_Exercise instructions_
Scan the material below and count each line with the string "Residential". Reply with the count alone.

......

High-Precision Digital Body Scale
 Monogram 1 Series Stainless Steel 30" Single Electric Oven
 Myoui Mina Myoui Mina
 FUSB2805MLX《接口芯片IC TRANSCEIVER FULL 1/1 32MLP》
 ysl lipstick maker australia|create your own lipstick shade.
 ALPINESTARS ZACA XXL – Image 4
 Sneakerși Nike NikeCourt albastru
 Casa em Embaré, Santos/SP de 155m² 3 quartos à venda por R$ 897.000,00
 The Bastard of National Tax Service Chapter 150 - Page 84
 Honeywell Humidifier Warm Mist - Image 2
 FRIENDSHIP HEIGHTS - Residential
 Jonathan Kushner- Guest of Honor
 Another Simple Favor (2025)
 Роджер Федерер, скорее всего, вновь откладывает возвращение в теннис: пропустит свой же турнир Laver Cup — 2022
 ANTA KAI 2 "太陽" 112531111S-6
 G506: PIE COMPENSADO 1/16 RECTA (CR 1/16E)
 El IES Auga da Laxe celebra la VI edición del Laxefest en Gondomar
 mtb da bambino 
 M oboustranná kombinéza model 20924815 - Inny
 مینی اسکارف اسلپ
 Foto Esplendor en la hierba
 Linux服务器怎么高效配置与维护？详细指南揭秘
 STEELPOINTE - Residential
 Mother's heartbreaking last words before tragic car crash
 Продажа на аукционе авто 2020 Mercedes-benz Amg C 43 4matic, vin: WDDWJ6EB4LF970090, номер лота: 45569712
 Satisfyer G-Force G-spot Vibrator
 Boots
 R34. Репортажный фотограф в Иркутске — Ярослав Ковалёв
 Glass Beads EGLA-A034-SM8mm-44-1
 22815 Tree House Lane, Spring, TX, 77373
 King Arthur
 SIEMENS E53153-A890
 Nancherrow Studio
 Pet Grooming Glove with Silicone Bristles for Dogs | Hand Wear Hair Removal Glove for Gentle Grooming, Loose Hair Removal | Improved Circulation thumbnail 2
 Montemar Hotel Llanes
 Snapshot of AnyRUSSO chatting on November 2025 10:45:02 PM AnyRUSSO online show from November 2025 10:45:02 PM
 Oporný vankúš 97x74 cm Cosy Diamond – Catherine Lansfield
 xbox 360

......

_Output of the task_
2